• Work item
What are the lines from the top of the entries through the one with "Equip 245119 mouse"? Write them out exactly, with no pictures.

^^^^

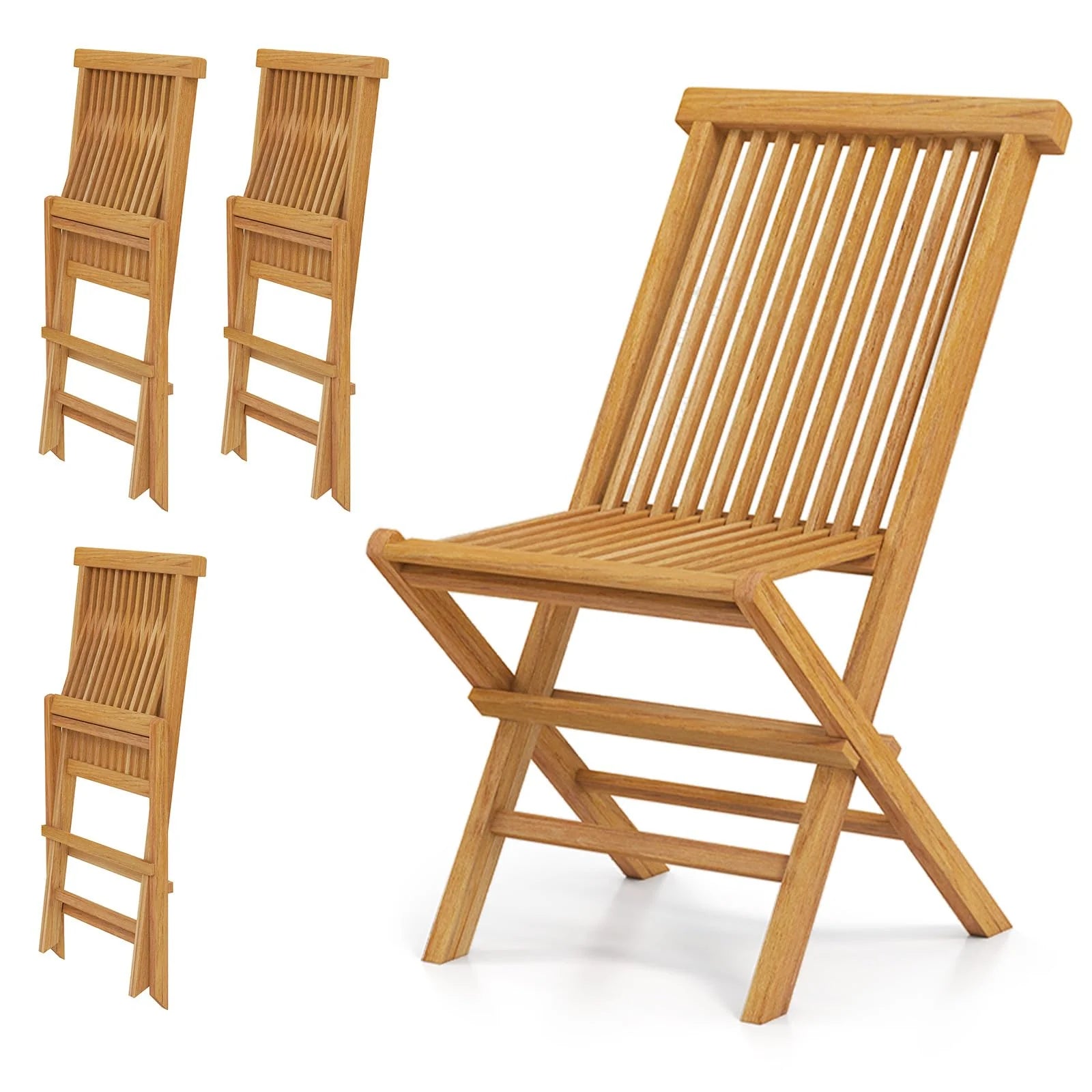 Tangkula Patio Folding Chairs Set of 2/4, Outdoor Teak Wood Chairs w/Slatted Seat & Backrest - Product image 9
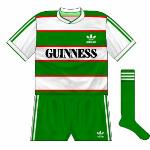 1984-85: Green shorts and socks.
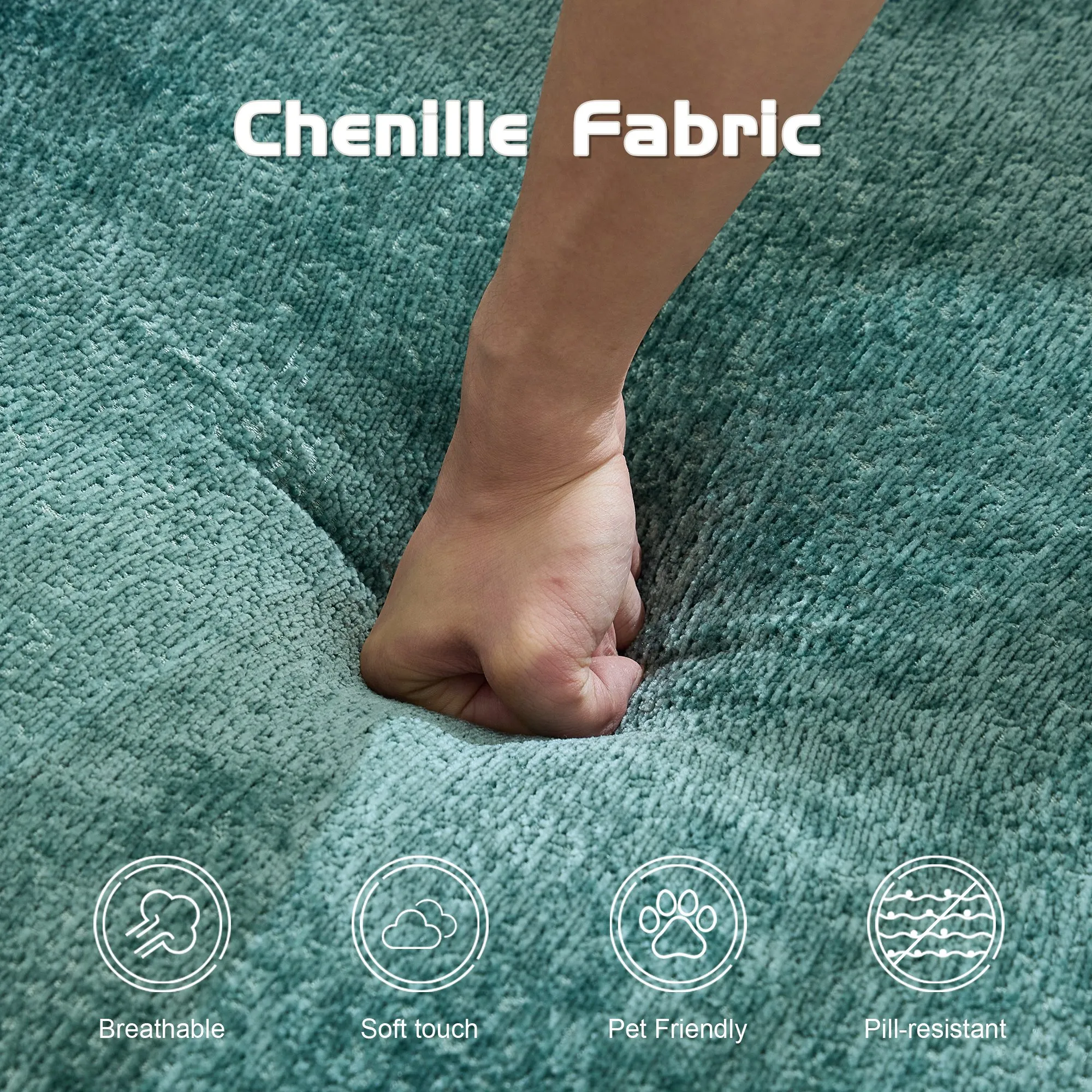 Chenille Compression Sofa Bed, Convertible Floor Sofa with Frame
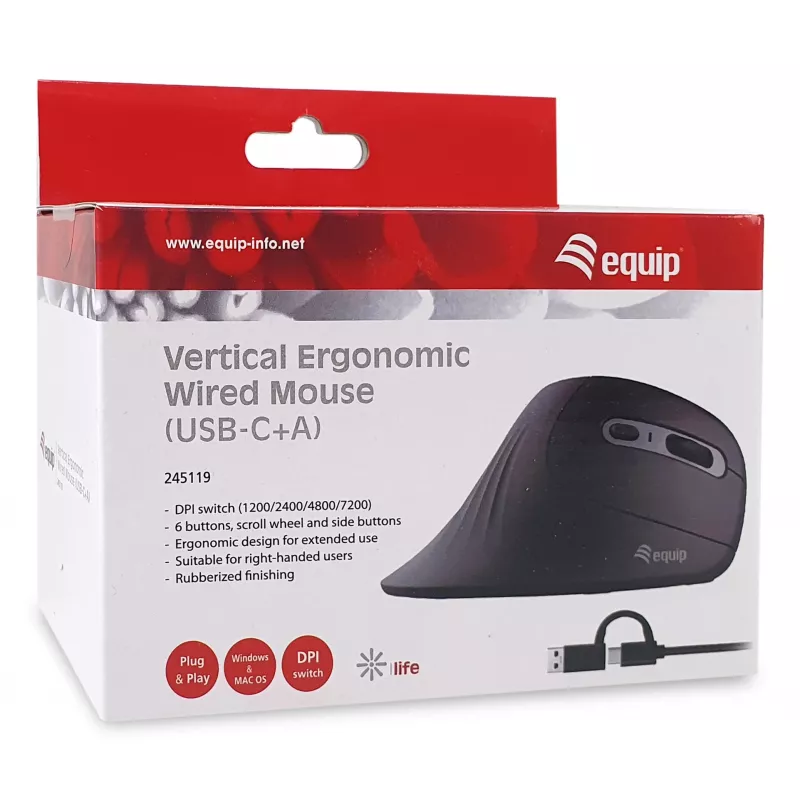 Equip 245119 mouse universale per destrimani USB Type-A + USB Type-C ottico 7200 DPI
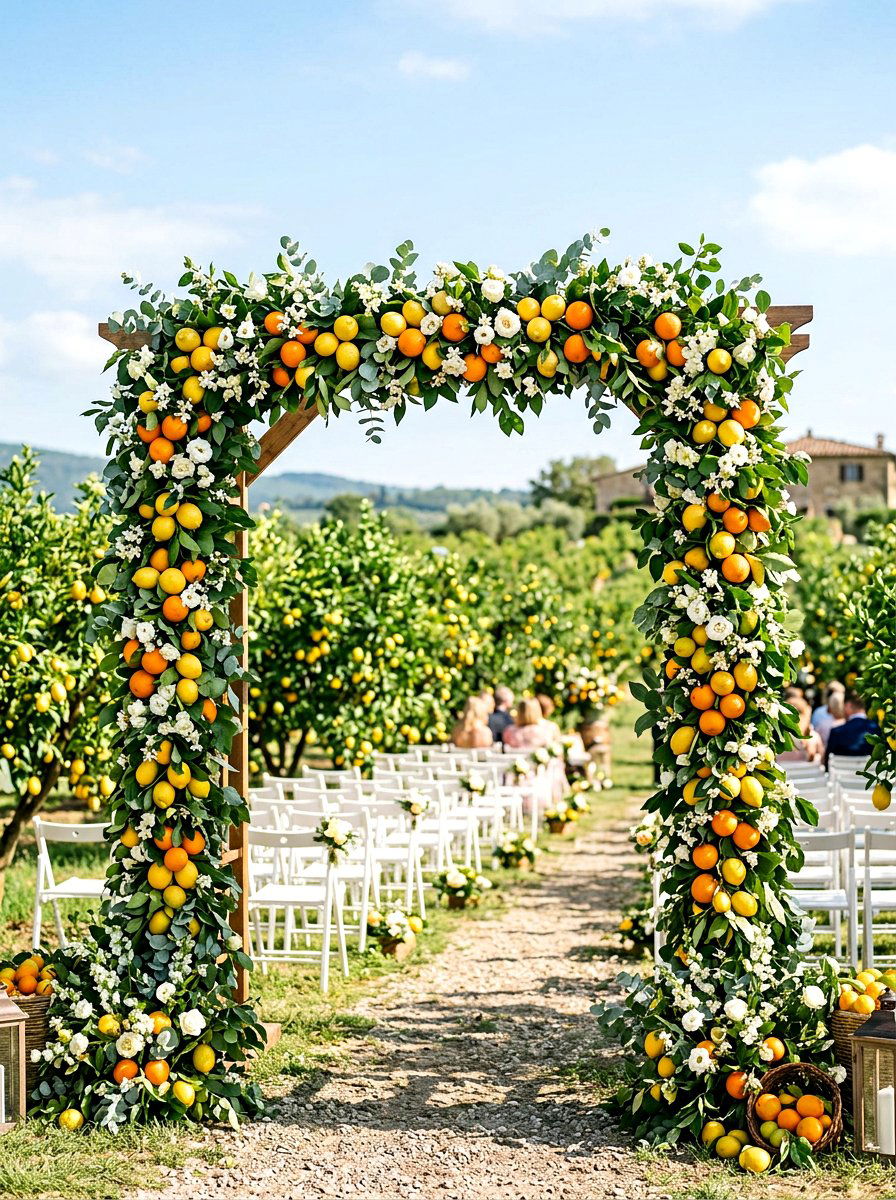 Citrus Fruit Wedding Arch - 25 Spring Wedding Arch Ideas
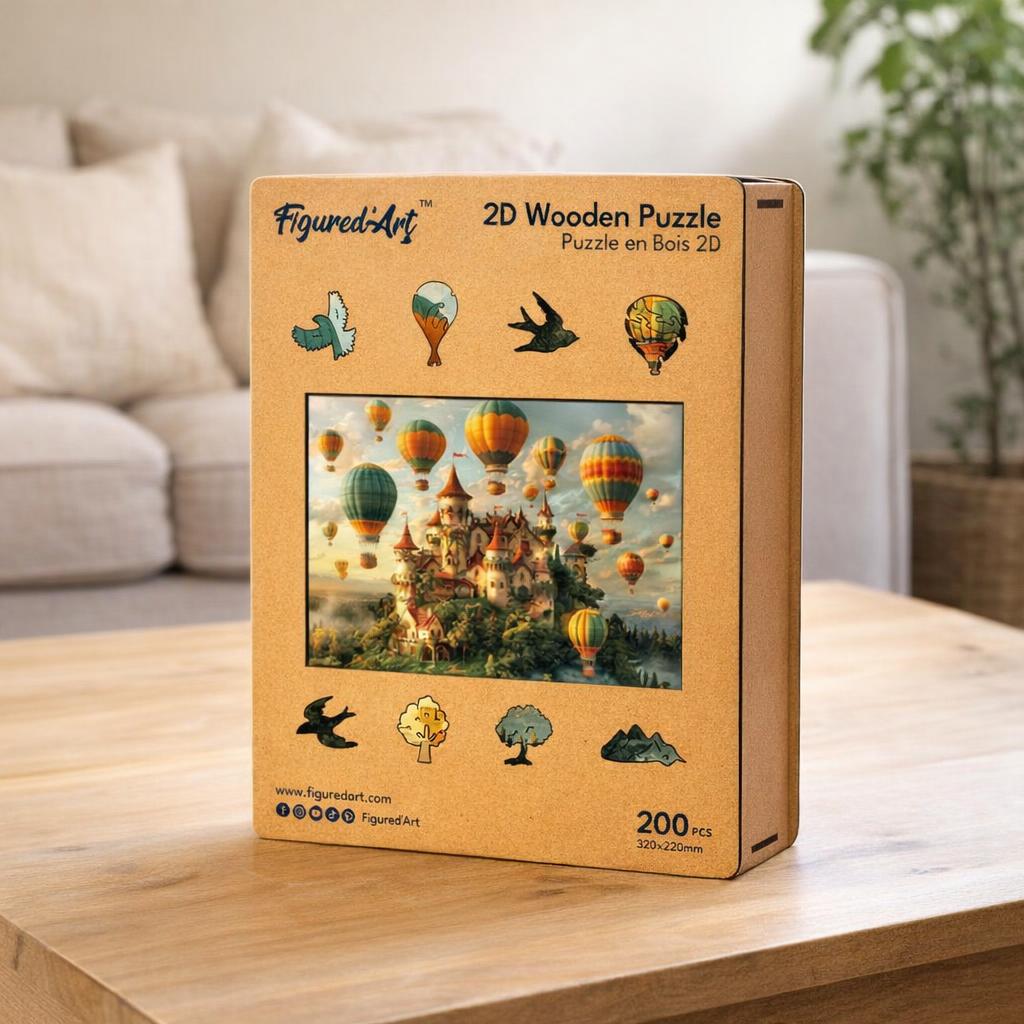 Puzzle en Bois Adulte - Château et Montgolfières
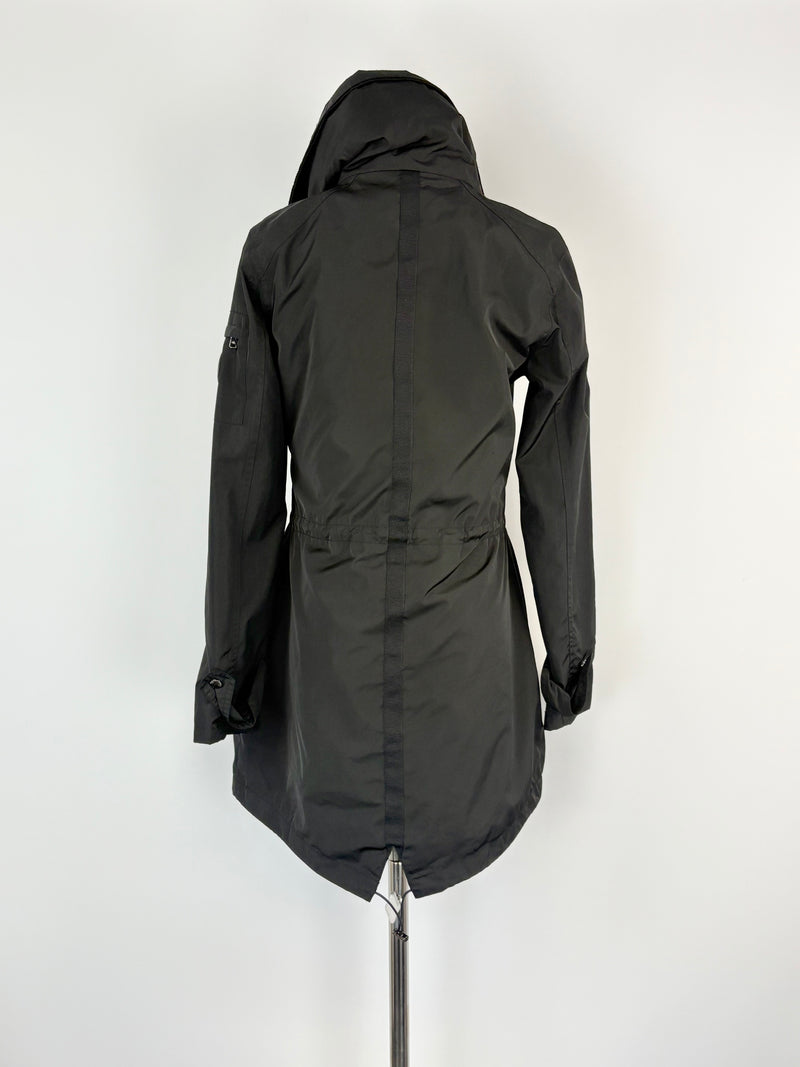 Lauren by Ralph Lauren Black Hooded Spray Jacket - XXS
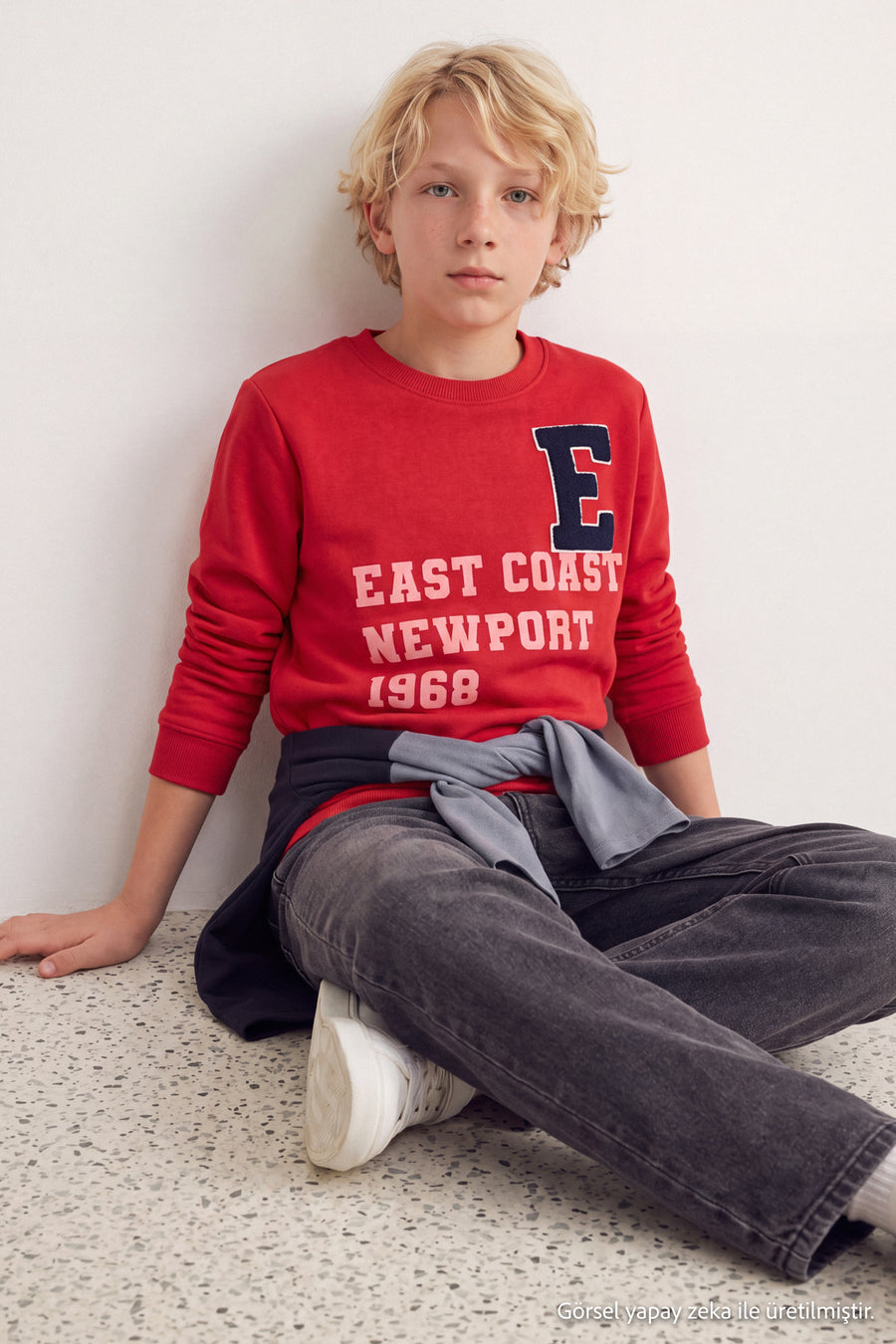 Boys' Red Embroidered Thick Cotton Sweatshirt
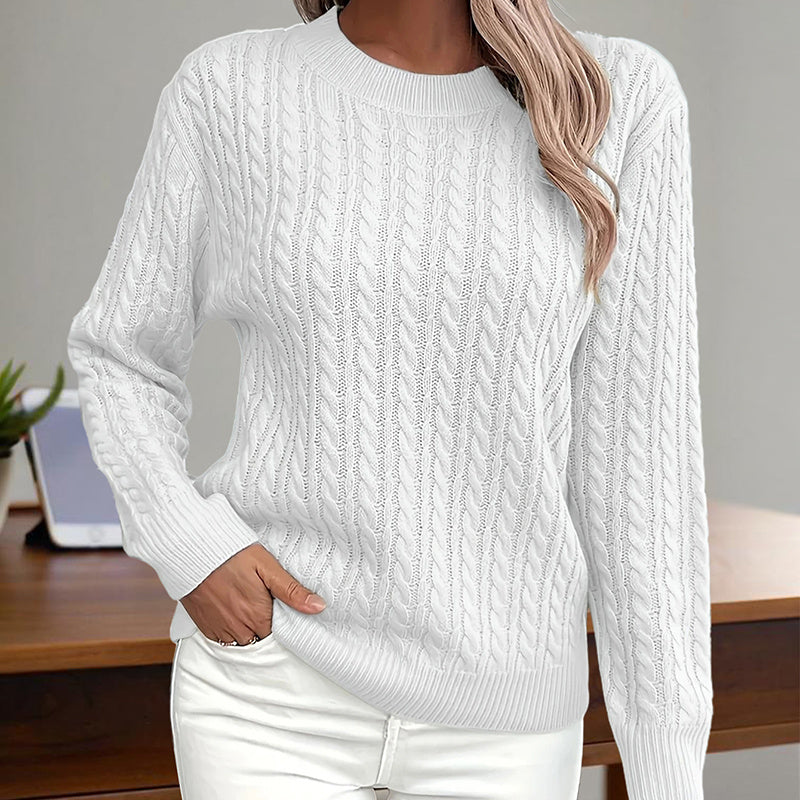 Women’s Textured Crew‑Neck Pullover Top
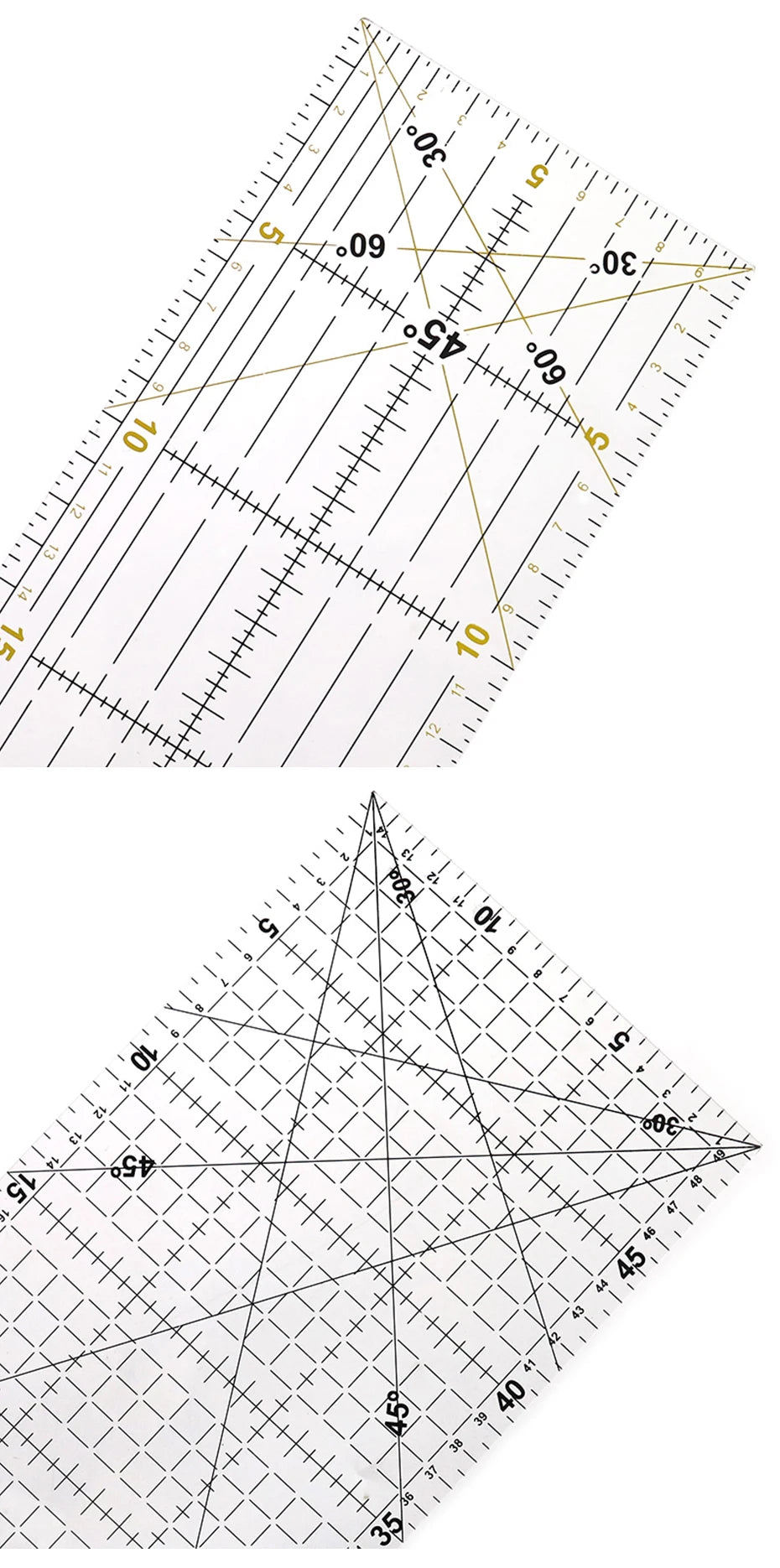 4 unids/set de reglas de costura, acrílicas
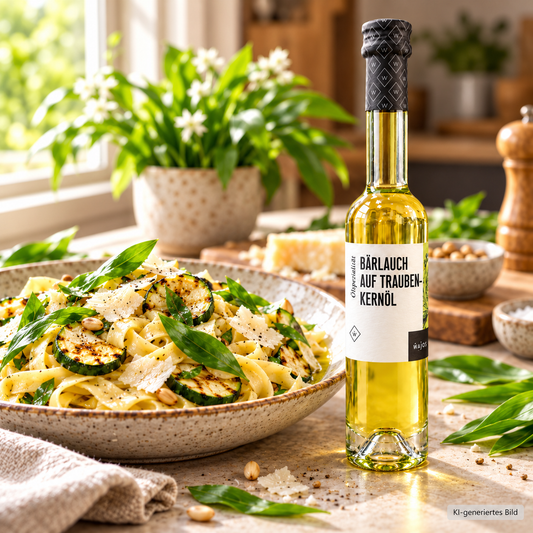 Wajos Bärlauch auf Traubenkernöl zu Tagliatelle mit Zucchini – Serviervorschlag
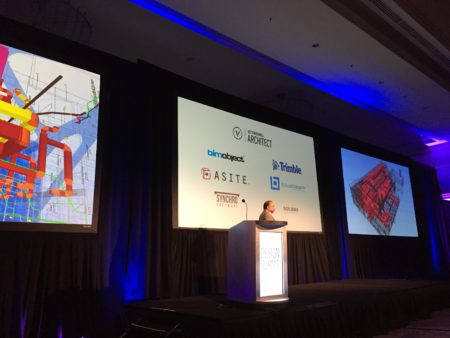 01 - Dr. Biplab Sarkar, new CEO of Vectorworks, Inc., speaking at the Technology Keynote this past April at the Vectorworks Design Summit. BIM is a more important theme moving forward for the company.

^^^^

• Solution
 Tangkula Patio Folding Chairs Set of 2/4, Outdoor Teak Wood Chairs w/Slatted Seat & Backrest - Product image 9
 1984-85: Green shorts and socks.
 Chenille Compression Sofa Bed, Convertible Floor Sofa with Frame
 Equip 245119 mouse universale per destrimani USB Type-A + USB Type-C ottico 7200 DPI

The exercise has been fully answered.